Suppose the only other employee in your sole proprietorship is your spouse who does the bookkeeping and billing. After a few lean years, business is booming and you want to sock away as much for retirement as you possibly can.

Strategy: Set up a solo 401(k) plan. Due to special tax rules, you can contribute more to this type of plan than other comparable retirement plans.

In fact, a solo 401(k) offers an un­­pre­­ce­­dented tax-saving opportunity for a married couple working together.

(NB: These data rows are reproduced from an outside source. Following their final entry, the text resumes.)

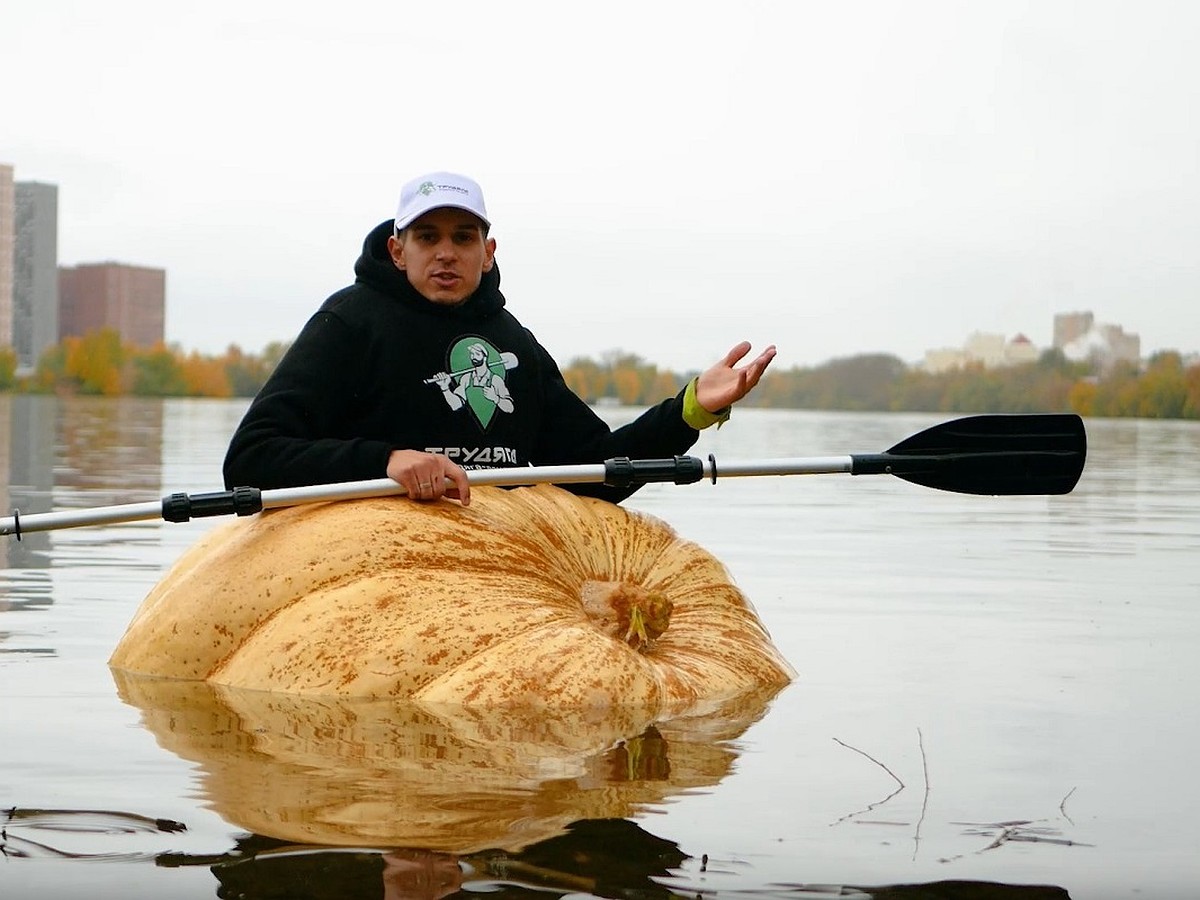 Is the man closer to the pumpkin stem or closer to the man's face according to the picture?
the man's face

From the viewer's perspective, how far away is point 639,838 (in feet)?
13.6

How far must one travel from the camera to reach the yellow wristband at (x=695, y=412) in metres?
6.95

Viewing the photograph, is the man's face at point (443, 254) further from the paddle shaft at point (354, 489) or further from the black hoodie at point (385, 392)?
the paddle shaft at point (354, 489)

Here’s the whole story: For starters, you can elect to defer up to $17,500 in salary to a 401(k) plan (in both 2013 and 2014). Plus, if you’re age 50 or older, you can kick in an extra $5,500 for a maximum deferral of $23,000. The deferrals may be complemented by matching employer contributions subject to other limits.

Under the usual rules for defined contribution plans—such as SEPs and profit-sharing plans—the deductible contribution for 2013 is capped at the lesser of:

  1. 25% of salary compensation or 20% of net self-employment income or
  2. $51,000 ($56,500 if age 50 or older).

For 2014, the maximum contribution limits go up slightly to $52,000 and $57,500, respectively. Also, the maximum compensation that may be taken into account for these purposes is $255,000 for 2013 and $260,000 for 2014.

But here’s where solo 401(k)s have an edge. The limits for defined contribution plans still apply, but elective deferrals to a solo 401(k) by the business owner don’t count toward the 25% cap. What’s more, this rule extends to the business owner’s spouse.

When you combine employee contributions with employer contributions, a married couple using a solo 401(k) can hit the jackpot.

Tax benefits of going solo

Say you and your spouse are both 55 years old. You earn $120,000 a year from your incorporated business, while your spouse earns $60,000 annually.

Let’s see how the maximum contributions break down, based on 2013 figures, for you (employee No. 1) and your spouse (employee No. 2). This assumes you can allocate a large part of your compensation to retirement savings.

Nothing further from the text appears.